Co prawda, objętościowo, jest to bardziej utyta nowelka, ale na taki piękny dzisiejszy dzień w sam raz. Zwłaszcza, że dotyczy jesieni. Tej życia, chociaż narracją raczy nas 35-letni młodzian.
Nieoczywistości życiowe bywają ciekawe, zwłaszcza, jeżeli są okraszone tożsamym poczuciem humoru. I tak też się dzieje w „Szczęśliwych Dniach” Laurenta Graffa. Fabuła jest spokojna, ale w całościowym ujęciu zabawna, lecz niech to Was nie zmyli. Opowieść toczy się w domu spokojnej starości, do którego wprowadza się – w roli pensjonariusza – młody, zdrowy mężczyzna.
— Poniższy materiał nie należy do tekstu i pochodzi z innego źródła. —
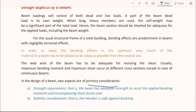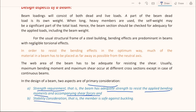There are two primary considerations when designing a beam. The first is the strength requirement: does the beam have adequate strength to resist the applied bending moment and accompanying shear forces? The second is the stability of the member: is the member stable and safe against buckling? Both of these must be carefully looked into during design.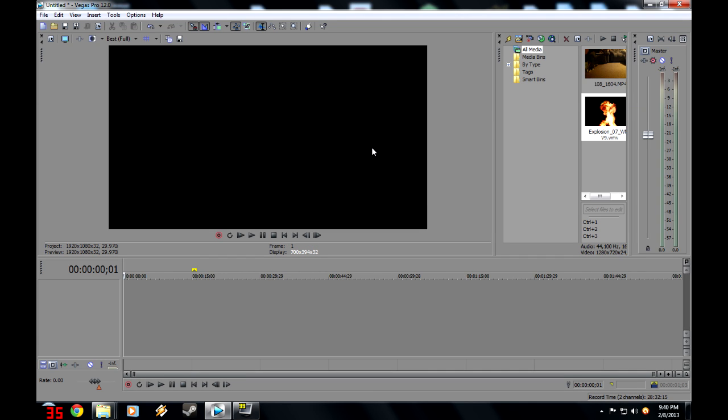Hey guys, DanePaceTutorials here, and I'm here with a special tutorial for all you action movie makers out there. I'm going to show you how to make an explosion effect. So let's begin.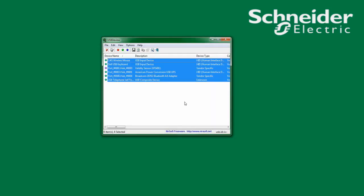I can now share that text file with Schneider Electric Technical Support. Thank you for watching. I hope this video has been helpful.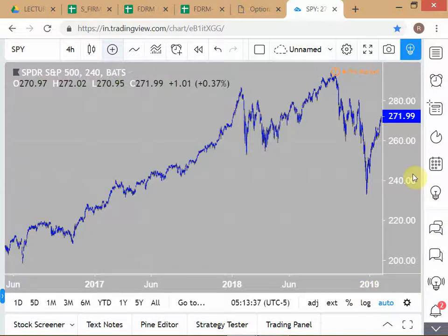Sometimes in markets, there are very coordinated moves across different asset classes — here, equities and oil prices move almost together. A student suggests that since the US is an oil exporter, falling oil prices would be a loss. The instructor acknowledges this logical explanation but cautions against getting too caught up in logical narratives, since the market doesn't always function logically.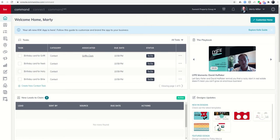Good morning, Keller Williams, and welcome back to the KW Command 66 Day Challenge 4.0. Today is day 40.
Ta krótka historia wymaga dystansu, a w finalnym rozrachunku zmusza do refleksji.
Bo chociaż jest tu, a może raczej bywa zabawnie, to widmo utraty pełnej kontroli nad swoim życiem (nie tylko w sensie prawnym, ale też na poziomie mentalnym) nie ma w sobie absolutnie nic wesołego. Taka perspektywa bardziej przygnębia i odstrasza, niż rozczula i mami. Ale w otoczeniu osób szanujących te niedomagania, zdolnych do empatii i cierpliwych, to mogą być właśnie takie szczęśliwe dni, nawet jeżeli tylko pozornie. Ale życie jest przecież grą pozorów, czyż nie?
„(Dzieci) Próbowały już kolejno zabierać go do siebie i za nic nie chce powtarzać tego doświadczenia. Jest tu szczęśliwy za żadne skarby nie opuściłby swojego azylu” (str. 44).